Hingga beberapa saat kemudian, tanpa ia sadari ternyata Amelia telah tiba dengan beberapa koper yang ia bawa.
Tok. Tok. Tok.
"Aiden! Yuhuuu! Tuan muda!" Wanita itu terusan menggedor pintu yang sama sekali tak dibuka oleh siapapun.
"Shh! Sebenarnya apa yang sedang ia lakukan? Apakah dia belum pulang ke rumah?" Wanita itu mulai melihat ke sana dan kemari berusaha untuk menemukan sesuatu yang bisa membantunya masuk ke dalam. "Hhh? Kenapa di sini sama sekali tidak ada pelayan? Apakah semua pelayannya sudah tidak sanggup lagi bertahan di bawah sikap angkuh lagi pesuruhnya itu? Pfft! Haha, rasakan! Pada akhirnya orang yang terlalu angkuh akan ditinggal oleh-"
Brak!
"Oleh siapa?"
Mendengar ada suara saat dia sedang membelakangi pintu rumah Aiden, sontak membuat wanita itu pun berbalik dengan linglung.
"Eh, hahaha! Ter-ternyata kau ada di dalam? Aku pikir-"
"Kau pikir, sudah tak ada lagi orang yang tersisa di rumah ini? Iya?"
"Hahaha." Amelia pun tertawa canggung saat itu. "A-aku hanya bercanda! Kau jangan memasukkan semua kata-kata aku ke dalam hatimu, Tuan! Hehe! Maaf!"
Huft~
Aiden pun menghela nafasnya sembari memperhatikan wanita dengan tiga koper yang ia bawa sendiri itu.
"Kau membawa ketiga koper yang besar-besar ini sendiri?"
Mata wanita itu sontak dialihkan pada koper yang ia pegang. "Oh ini? Ya, tentu saja aku yang membawanya sendiri? Memangnya siapa lagi?" Jawab Amelia dengan wajah bingungnya.
Pada saat yang sama, Aiden hanya bisa menepuk dahinya karena wanita ini benar-benar aneh.
Selama ini, dia belum pernah melihat ada wanita yang mengerjakan sesuatu sendiri. Jangankan mengerjakan sesuatu sendiri, bahkan ketika mereka mau mandi saja pasti harus ada pelayan di sampingnya.
Ada tapi semua itu sangat berbeda dengan Amelia Casey-model cantik yang sama sekali tak populer itu.
Kehidupan yang sangat sederhana dan juga sikapnya yang tidak jaim, membuat Aiden merasa harus berpikir dua kali untuk menyebut wanita itu sebagai wanita yang sama dengan wanita lainnya.
"Kau ... Sama sekali tak sama seperti wanita pada umumnya!"
Jder!
Mendengarkan ada seorang pria yang berkata bahwa dirinya sama sekali tak sama seperti wanita pada umumnya, membuat Amelia bagaikan tertampar kenyataan.
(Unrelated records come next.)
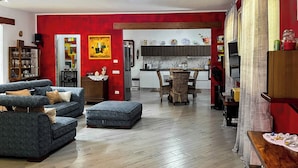 Studio | Living area
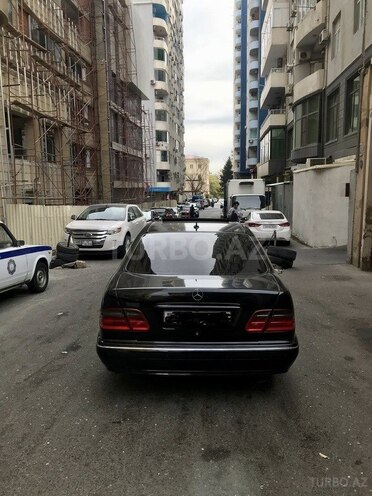 Mercedes E 280 2001, 374,000 km - 2.8 л - Bakı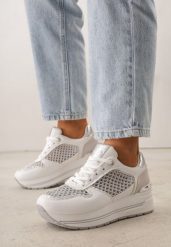 Białe Sneakersy na Grubej Podeszwie z Siateczkowymi i Metalicznymi Wstawkamu Sewtira. Białe obuwie sportowe damskie Born2be, z jeansu, bez zapięcia. Za 99.99 zł.
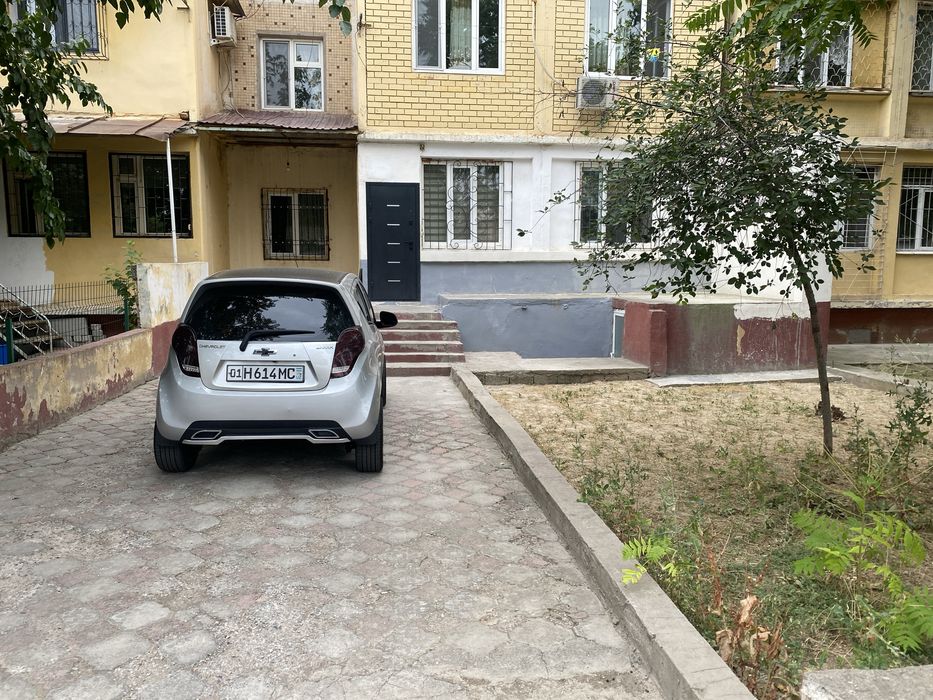 4-х комнатная Кв. 1-й этаж,  Массив Куйлюк-5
"A-apa? Apa yang kau katakan? Kau bilang aku tidak sama seperti wanita pada umumnya? Hhh! Heh, Tuan muda! Sebaiknya kau lihat wanita pada umumnya itu seperti apa, mereka sangat sombong dan membuatku jijik sampai ke tulang rusukku. Kalau maksudmu bahwa aku lebih baik daripada mereka, maka kau pasti akan ku maafkan sekarang." Amelia melipat kedua lengannya sambil melemparkan pandangannya ke arah lain. Namun, beberapa saat kemudian, jawaban dari pria kaya raya dan tampan yang ada di hadapannya itu, sontak membuat Amelia pun tak percaya.
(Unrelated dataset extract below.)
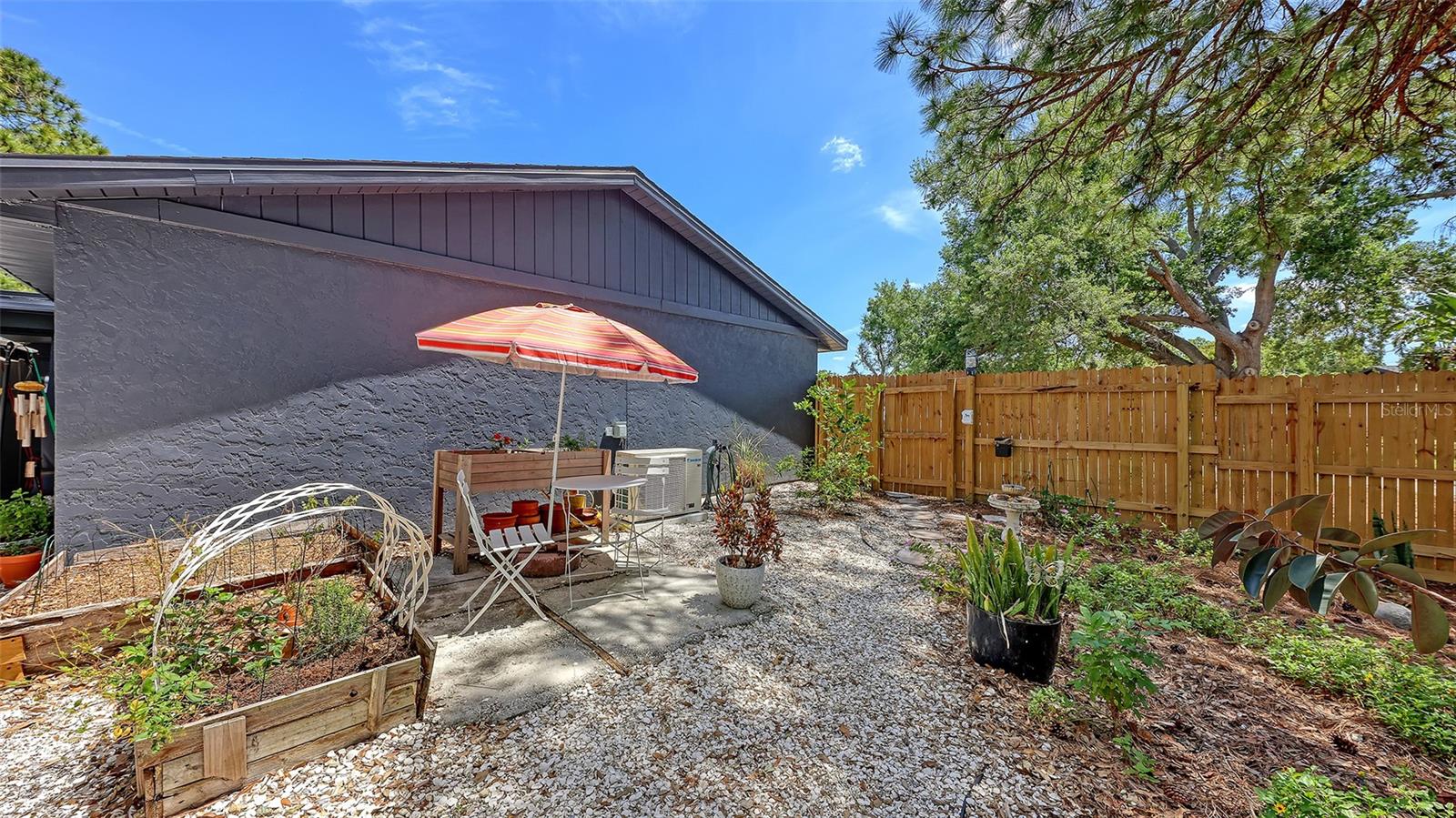 LOCKWOOD MEADOWS - Residential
"Ya, yang kau katakan itu memang benar. Kau sangat berbeda dari wanita penggoda itu. Kau adalah sosok yang bersih dan juga melakukan sesuatu yang didasari oleh hati."
"Ya benar, kan?" Tiba-tiba saja ia pun tersentak. "Hah? Apa? A-apa yang baru saja kau katakan?" Wanita itu membelalakkan matanya sambil menatap pria tampan yang saat itu sedang tersenyum padanya.
"Tampan sekali." Dia belum pernah melihat pria dingin yang tersenyum setampan Aiden.
"Ya, aku anggap itu sebuah pujian. Terima kasih!" Sembari Amelia masih terpaku di sana, Aiden pun melangkahkan kakinya dan meraih ketiga koper yang sedang wanita itu pegang.
"Hey, mau ke mana?" Amelia yang pada awalnya masih linglung karena dipuji oleh Aiden, kemudian tersentak ketika koper yang sedang ia genggam itu malah ditarik oleh pria tampan yang ada di hadapannya.
Aiden pun berbalik. "Apakah kau bisa membawa ketiga koper yang besar-besar bagaikan rumah ini masuk ke dalam?" Ya berkata dengan wajah yang datar kembali.
"T-tidak, sih!" Amelia pun terlihat sungkan, akan tetapi pada dasarnya dia memang mau dibantu. "Ya sudah! Silahkan!"
Aiden pun kembali menampilkan senyum tipisnya yang sangat tampan, dan setelah itu melanjutkan membawa koper Amelia masuk ke dalam rumahnya.
Saat itulah, mereka berdua pun resmi tinggal bersama dan menjalankan seluruh peraturan yang ada di kontrak yang telah mereka berdua sepakati.